Il ministro italiano per l’integrazione incontra al Parlamento europeo l’esponente del Carroccio
Lui attacca: “La sua nazione espelle i clandestini”, ma lei piccata: “La mia nazione è l’Italia”
A osservare le loro mosse fino ad un certo momento della giornata, sembrava davvero che le intenzioni fossero le migliori. Il ministro italiano per l’integrazione Cecile Kyenge arriva al Parlamento europeo, partecipa a un incontro sul futuro delle politiche di integrazione con il presidente del gruppo S&D, Hannes Swoboda e resta esclusivamente sul tema: allo scontro con l’eurodeputato leghista Mario Borghezio, nemmeno un accenno. “Sono problemi che non si pongono” si limita a rispondere quando glielo si chiede espressamente: “Sono aperta a qualsiasi confronto, purché nella sede giusta e nel rispetto della persona”.
E l’occasione per il confronto si presenta poco dopo. Il ministro è invitato a intervenire in Commissione Libertà civili, di cui fa parte anche l’esponente del Carroccio, espulso dal gruppo degli euroscettici (Efd), proprio dopo avere data a Kyenge della “faccia da casalinga”, e anche peggio. Giusto pochi minuti prima dell’inizio della riunione Borghezio si avvicina e le sussurra qualcosa all’orecchio. Un rapido scambio di battute e i due prendono posto tra i banchi. Il clima sembra disteso e Borghezio addirittura stupisce quando, durante un intervento che tutti immaginavano colorito come d’abitudine, riconosce al ministro “chiarezza, lealtà e cortesia che ha dimostrato anche nei confronti di chi l’ha attaccata”.

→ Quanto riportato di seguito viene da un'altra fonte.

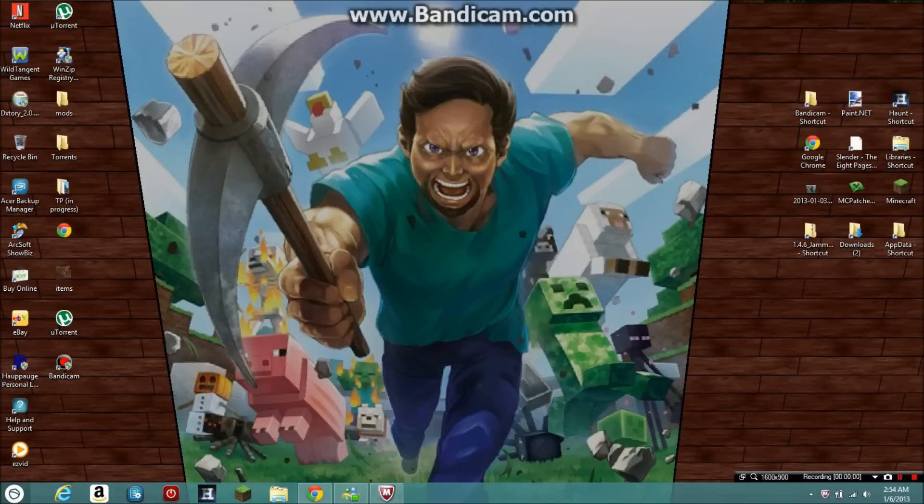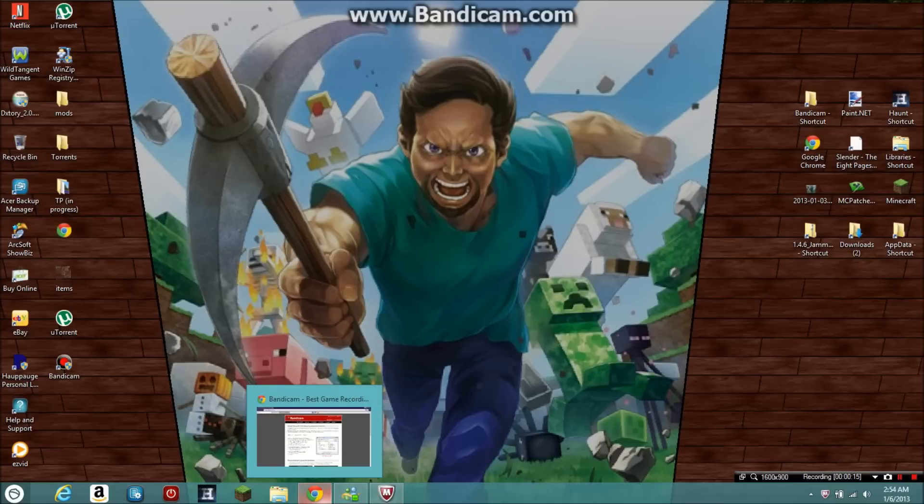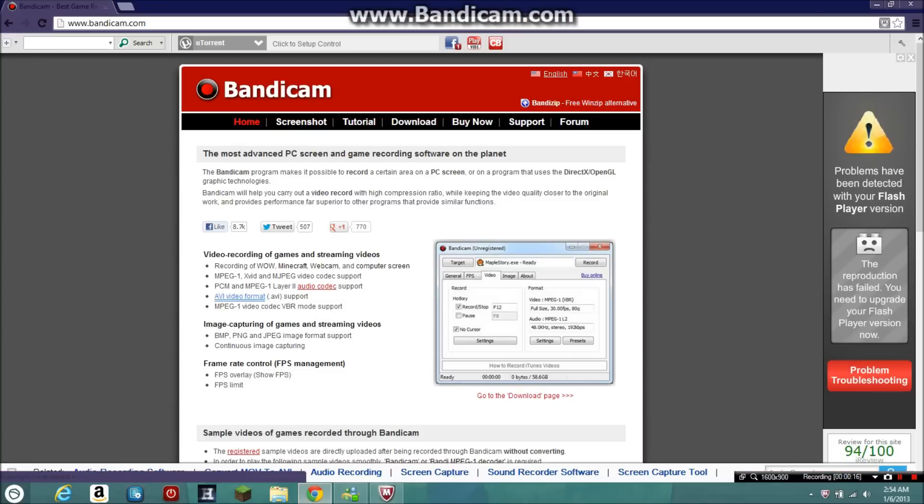Hello, this is Crop Dustings and today I'm going to be showing you the best recorder for games and all that stuff. So first you want to go to Chrome and open Bandicam.com.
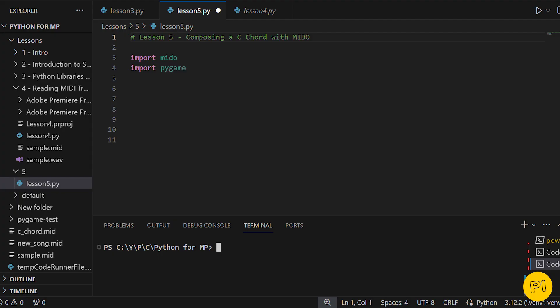Today, we're going to create a musical sequence for a C major chord and play it using Python. We'll take a structured approach by first storing our notes in a list and then using a loop to add them to our MIDI track.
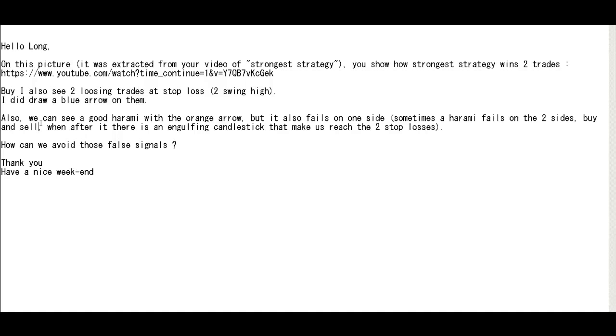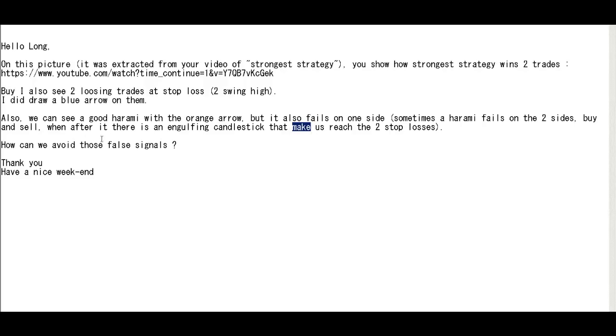Also we can see a good harami with the orange arrow, but it also fails on one side. Sometimes the harami fails on two sides, buy and sell, and after it there are non-engulfing candlesticks that make us reach the two stop losses. How can we avoid these false signals? Thank you. Have a nice weekend.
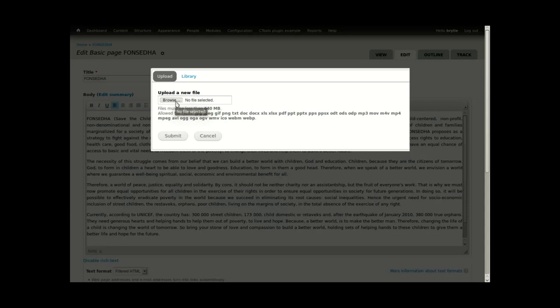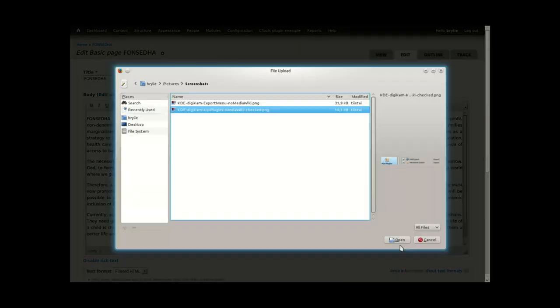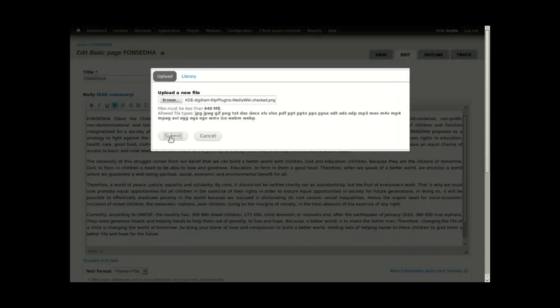Click the Browse button, select an image, open it, and press Submit to upload it to the server.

L’inizio era promettente. Peccato che poco dopo, tra le tre domande che il deputato rivolge al Kyenge in tema integrazione le dica anche: “Con questi clandestini, che facciamo, li espelliamo come fa giustamente il suo Paese?”. Basta una frase è la miccia è accesa. “Sono qui come ministro della Repubblica italiana, la domanda sulla repubblica democratica del Congo bisogna porla al ministro dell’integrazione del Congo”, risponde piccata Kyenge. Figurarsi se Borghezio le lascia l’ultima parola: “Lei ha doppia nazionalità” alza la voce interrompendola. “Io ho solo la nazionalità italiana”, ribatte lei. “Un Paese che proibisce la poligamia che lei esalta”, la rimbecca Borghezio. Kyenge evita la polemica e finge di non sentire e il siparietto finisce, per riprendere poi a dibattito concluso, quando si cerca di capire che si sono detti prima del dibattito.
Le versioni sono discordanti. Se lo si chiede a Borghezio, lui subito rimette i nuovi panni da corretto uomo delle istituzioni e assicura: “L’ho salutata e le ho dato il benvenuto perché ci sono stati precedenti imbarazzanti e le mie parole si erano prestate ad essere male interpretate: non volevo che pensasse che non ho il rispetto che si deve a una persona che rappresenta il nostro Paese”. Insomma tutto a posto? Kyenge non sembra dello stesso avviso: “Sono sopra le parti e parlo con chiunque” risponde, ma se si è scusato “io non l’ho sentito”.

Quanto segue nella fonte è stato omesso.